Некоторые историки стесняются, даже сердятся, когда им доказывают, что они тоже люди определенной эпохи и что этот факт должен обязательно отразиться на их взглядах, концепциях, что если бы они жили раньше или позже, то и XI, XVII, XIX век в их статьях и книгах были бы несколько иными. Историки обижаются и стараются отстоять свою объективность, независимость от «слишком современных» субъективных эмоций.

Между тем — зря обижаются: поэзия, которая субъективна «по определению», которая свободно и прихотливо пропускает через поэтическую личность любой век и тысячелетие — она ведь по-своему стремится к той же цели, что и ученые, и не уступит почтенной науке в добывании истины.
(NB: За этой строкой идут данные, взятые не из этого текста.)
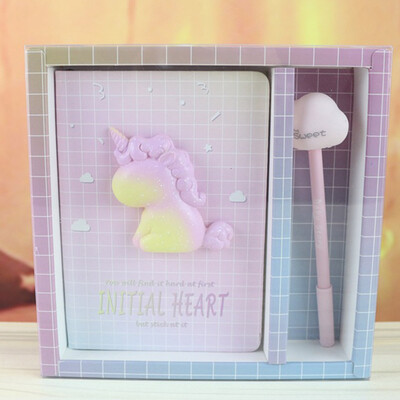 

Notebook Set Unicorn Cartoon Cute Notebook Sweet Gift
Однако, чтобы не засохнуть, не обмануть самих себя, — и ученым, и читателям, думаю, не грех поучиться у поэта: разумеется, не стихотворному мастерству, тут дело в таланте («историками делаются, поэтами рождаются»). Не грех заразиться смелостью, высокой субъективностью, откровенностью, стремлением к нравственным оценкам, и настоящей радости — и «злой тоске».

Не дело поэта расцвечивать иллюстративными подробностями, как Соловки держались против царя всея Руси. Дело поэта — печалиться, размышляя о кровавом столкновении двух непримиримых правд — у мятежных монахов своя, у государя своя.

Поэт знает, что Петр III ничтожен, что пока он «играет на скрипке, государство уходит из рук», что новые руки, которые приберут это государство, — более сильные и умелые: да, разумеется, это необходимо, неизбежно — но как не пожалеть «одинокого и хлипкого» монарха?

Враги, кровь, борьба — неизбежные спутники любого раздела мировой истории, присутствующие на любой странице учебника, и вдруг поражающие своей смелостью слова: «И в горло нож вонзает Брут, а под Тезеем берег крут, и хочется довериться врагу».

Нельзя довериться — но хочется: вот история человечества!..

Поэзия оказывается одним из сильнейших, вернейших способов соединения времен, геологической разведкой, открывающей нравственные сокровища во всех эрах и эпохах.

За этой добычей, над тундрой, океаном, над тысячелетиями, поэт снова и снова пускается «в полет свой дальний»…»

Кстати сказать, к историческим ошибкам в моих стихах и песнях (а их было немало) Тоник также относился снисходительно, полагая, что не в этом дело. Помню, как известный критик Станислав Рассадин критически отозвался о моем стихотворении «Пушкин и декабристы», где были такие строчки:

…Три каторжника сели у огня, Чугунными браслетами звеня.

Рассадин справедливо заметил, что кандалы со ссыльных были сняты еще до 1830 года. Эйдельман же, высказавшись в мою поддержку, заявил, что для художественною произведения, в отличие от научной статьи, не всегда обязательна точная фактология, а «чугунные браслеты» здесь вполне уместны как красочный символ неволи.